David Campbell McFadzean (born April 9, 1947) is an American television producer, television writer, film producer and playwright. He is best known for co-creating the ABC sitcom Home Improvement with Carmen Finestra and Matt Williams.

==Career==
McFadzean began his career as a playwright in Chicago, later earning a master's degree in theater at Illinois State University. He later moved to California, where he was once the benefactor of the Christian-based Lamb's Players Theater Company in San Diego, California. While attending the University of Evansville in Indiana, where he earned a bachelor's degree in theater, it was there he met Matt Williams.
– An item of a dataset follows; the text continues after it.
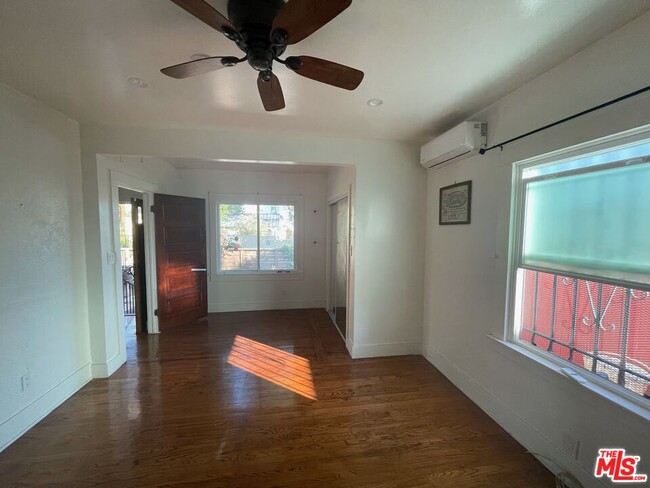 Building Photo - 547 Brooks Ave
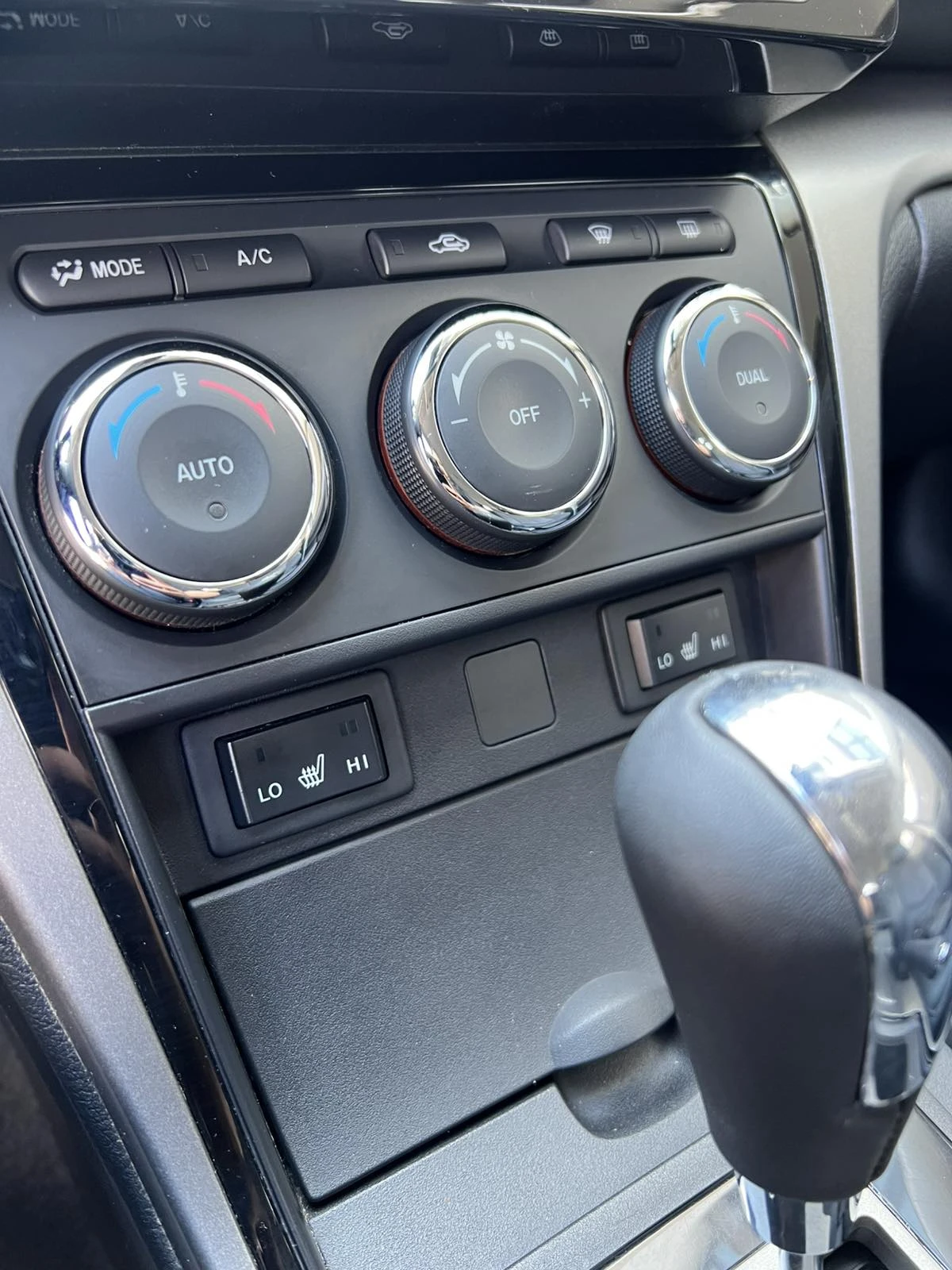 Mazda 6 2.0/Бензин/Автоматик, снимка 13 - Автомобили и джипове - 54343599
McFadzean would be the first person that Williams hired for the writing staff of the first season of the sitcom Roseanne. McFadzean and Williams together with Carmen Finestra formed the production company Wind Dancer Productions in 1989. They went on to create and produce Carol & Company, Thunder Alley, Buddies, Soul Man and their most successful creation, the sitcom Home Improvement starring Tim Allen.

McFadzean's film producing credits include Firelight (1997), Where the Heart Is (2000), What Women Want (2000), Walker Payne (2006) and Bernie (2011).

==Personal life==
McFadzean currently lives outside Los Angeles in La Cañada Flintridge with his wife Elizabeth. He has two children, Meredith and Court. He is a Christian.